*What you should do*
Reproduce the entries from their first line up to and including the line with "como INSTALAR C# en VISUAL STUDIO CODE 😱". Leave out everything after it.

*Source material*
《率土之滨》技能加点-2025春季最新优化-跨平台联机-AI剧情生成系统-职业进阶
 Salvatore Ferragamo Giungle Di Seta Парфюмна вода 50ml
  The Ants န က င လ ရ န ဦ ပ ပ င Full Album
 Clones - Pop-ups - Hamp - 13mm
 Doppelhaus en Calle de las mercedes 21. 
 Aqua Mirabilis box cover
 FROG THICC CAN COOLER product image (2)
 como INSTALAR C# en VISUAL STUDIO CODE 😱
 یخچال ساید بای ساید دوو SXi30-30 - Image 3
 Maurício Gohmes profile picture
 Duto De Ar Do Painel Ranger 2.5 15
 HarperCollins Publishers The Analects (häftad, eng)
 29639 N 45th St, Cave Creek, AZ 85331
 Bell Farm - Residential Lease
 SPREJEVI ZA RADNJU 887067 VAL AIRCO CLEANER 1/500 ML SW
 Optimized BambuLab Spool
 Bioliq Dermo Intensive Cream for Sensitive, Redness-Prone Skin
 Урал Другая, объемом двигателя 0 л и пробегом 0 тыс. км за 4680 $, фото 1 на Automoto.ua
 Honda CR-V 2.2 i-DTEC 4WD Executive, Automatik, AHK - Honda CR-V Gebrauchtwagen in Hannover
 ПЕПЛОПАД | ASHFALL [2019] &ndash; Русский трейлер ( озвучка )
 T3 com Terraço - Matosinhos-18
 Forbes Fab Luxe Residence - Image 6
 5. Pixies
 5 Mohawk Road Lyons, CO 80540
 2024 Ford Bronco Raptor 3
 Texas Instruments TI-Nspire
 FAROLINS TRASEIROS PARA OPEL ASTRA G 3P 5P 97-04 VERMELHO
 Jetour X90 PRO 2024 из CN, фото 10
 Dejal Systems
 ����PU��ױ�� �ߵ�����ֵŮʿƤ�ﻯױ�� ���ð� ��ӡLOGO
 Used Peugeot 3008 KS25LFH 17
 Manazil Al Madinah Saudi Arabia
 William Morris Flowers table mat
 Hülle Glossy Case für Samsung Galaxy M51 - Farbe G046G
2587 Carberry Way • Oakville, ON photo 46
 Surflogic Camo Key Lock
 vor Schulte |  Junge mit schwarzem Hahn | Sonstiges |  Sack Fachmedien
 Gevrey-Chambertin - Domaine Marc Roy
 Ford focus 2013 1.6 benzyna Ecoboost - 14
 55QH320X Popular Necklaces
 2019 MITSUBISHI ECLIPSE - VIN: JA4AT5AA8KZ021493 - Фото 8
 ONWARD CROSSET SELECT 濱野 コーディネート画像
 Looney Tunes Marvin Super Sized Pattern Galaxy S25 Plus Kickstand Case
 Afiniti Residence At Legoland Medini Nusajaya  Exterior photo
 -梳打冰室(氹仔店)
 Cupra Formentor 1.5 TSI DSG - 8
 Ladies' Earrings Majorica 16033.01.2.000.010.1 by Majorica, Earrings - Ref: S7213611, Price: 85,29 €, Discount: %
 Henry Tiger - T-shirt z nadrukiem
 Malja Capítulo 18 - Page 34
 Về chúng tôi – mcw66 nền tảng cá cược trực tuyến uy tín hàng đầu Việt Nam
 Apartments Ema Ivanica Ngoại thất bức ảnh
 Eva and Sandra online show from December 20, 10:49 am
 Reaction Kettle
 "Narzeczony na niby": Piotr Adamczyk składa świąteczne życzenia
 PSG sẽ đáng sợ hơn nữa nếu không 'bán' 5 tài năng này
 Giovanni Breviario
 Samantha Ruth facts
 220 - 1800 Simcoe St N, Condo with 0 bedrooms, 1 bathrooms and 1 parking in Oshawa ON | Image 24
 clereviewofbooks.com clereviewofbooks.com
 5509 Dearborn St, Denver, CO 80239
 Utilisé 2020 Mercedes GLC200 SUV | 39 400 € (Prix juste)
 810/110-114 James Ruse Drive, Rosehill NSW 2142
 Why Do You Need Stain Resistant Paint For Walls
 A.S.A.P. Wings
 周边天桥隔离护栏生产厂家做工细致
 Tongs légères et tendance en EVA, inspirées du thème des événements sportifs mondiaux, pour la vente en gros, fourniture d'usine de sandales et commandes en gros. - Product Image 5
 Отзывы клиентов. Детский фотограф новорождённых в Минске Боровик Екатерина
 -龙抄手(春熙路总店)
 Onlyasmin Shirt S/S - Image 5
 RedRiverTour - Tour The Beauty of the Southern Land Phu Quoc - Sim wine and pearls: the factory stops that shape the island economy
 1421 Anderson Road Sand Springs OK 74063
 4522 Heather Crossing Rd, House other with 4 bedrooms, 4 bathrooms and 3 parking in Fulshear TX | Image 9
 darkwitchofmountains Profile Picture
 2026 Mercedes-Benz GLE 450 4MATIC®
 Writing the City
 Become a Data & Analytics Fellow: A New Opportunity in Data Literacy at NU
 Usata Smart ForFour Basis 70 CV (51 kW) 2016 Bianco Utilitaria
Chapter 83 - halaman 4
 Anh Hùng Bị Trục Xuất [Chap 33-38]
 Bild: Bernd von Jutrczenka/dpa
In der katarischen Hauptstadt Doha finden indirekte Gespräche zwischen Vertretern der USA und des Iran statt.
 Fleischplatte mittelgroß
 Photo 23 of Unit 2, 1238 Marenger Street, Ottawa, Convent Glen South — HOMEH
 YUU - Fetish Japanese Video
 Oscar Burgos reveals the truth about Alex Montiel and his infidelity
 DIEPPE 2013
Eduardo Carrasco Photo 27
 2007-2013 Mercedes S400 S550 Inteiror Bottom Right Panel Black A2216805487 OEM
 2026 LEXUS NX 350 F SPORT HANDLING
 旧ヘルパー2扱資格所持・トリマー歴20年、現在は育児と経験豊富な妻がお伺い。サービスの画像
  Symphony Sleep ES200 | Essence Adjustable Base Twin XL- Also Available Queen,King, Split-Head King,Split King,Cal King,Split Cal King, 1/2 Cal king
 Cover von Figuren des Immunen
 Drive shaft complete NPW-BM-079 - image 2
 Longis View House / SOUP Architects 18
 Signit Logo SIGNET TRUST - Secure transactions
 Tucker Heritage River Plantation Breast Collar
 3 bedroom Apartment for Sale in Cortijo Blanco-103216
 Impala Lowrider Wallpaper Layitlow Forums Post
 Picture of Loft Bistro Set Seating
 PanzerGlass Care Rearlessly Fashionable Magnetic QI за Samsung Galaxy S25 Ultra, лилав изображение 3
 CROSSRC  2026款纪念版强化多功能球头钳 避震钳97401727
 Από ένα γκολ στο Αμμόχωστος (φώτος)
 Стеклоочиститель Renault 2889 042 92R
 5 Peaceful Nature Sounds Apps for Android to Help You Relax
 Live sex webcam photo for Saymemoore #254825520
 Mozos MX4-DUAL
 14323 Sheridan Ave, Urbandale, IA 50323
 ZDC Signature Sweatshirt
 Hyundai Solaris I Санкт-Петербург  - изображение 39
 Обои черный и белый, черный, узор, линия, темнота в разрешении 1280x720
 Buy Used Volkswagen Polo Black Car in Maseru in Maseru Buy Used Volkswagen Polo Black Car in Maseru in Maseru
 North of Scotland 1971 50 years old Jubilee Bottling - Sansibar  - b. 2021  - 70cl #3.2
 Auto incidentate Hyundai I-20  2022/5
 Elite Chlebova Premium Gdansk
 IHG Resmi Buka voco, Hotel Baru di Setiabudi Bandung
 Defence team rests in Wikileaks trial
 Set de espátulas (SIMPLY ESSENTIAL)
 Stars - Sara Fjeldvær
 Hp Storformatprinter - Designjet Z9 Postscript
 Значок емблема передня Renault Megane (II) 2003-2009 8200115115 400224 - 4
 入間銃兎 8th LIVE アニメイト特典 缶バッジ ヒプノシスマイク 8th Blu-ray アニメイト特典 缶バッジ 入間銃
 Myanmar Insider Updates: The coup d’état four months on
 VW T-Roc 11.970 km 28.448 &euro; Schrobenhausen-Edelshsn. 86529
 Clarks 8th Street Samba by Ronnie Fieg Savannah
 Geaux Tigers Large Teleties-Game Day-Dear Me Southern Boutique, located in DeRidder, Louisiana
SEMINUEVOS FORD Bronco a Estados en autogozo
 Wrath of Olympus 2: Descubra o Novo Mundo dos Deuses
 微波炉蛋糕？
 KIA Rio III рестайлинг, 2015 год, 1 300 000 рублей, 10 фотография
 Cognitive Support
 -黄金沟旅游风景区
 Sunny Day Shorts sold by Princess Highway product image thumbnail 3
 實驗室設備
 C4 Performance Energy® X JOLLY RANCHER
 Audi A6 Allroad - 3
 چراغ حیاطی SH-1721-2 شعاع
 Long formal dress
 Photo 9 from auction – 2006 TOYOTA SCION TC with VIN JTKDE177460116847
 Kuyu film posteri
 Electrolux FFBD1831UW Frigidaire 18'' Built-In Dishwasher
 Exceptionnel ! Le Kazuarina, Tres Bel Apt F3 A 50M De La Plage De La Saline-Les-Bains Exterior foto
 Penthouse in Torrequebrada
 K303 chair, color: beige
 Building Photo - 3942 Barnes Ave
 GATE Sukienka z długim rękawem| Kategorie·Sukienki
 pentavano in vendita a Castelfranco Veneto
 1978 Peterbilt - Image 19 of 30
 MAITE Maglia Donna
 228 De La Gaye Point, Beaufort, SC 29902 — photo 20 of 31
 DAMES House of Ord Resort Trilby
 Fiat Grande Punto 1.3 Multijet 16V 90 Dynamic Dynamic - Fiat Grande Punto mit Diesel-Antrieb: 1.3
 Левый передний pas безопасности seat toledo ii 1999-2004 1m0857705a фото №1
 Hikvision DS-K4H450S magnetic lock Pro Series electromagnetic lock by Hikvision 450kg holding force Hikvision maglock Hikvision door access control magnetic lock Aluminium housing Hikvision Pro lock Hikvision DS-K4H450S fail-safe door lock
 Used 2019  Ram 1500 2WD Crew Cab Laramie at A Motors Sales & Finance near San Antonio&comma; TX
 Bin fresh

*Exercise output*
《率土之滨》技能加点-2025春季最新优化-跨平台联机-AI剧情生成系统-职业进阶
 Salvatore Ferragamo Giungle Di Seta Парфюмна вода 50ml
  The Ants န က င လ ရ န ဦ ပ ပ င Full Album
 Clones - Pop-ups - Hamp - 13mm
 Doppelhaus en Calle de las mercedes 21. 
 Aqua Mirabilis box cover
 FROG THICC CAN COOLER product image (2)
 como INSTALAR C# en VISUAL STUDIO CODE 😱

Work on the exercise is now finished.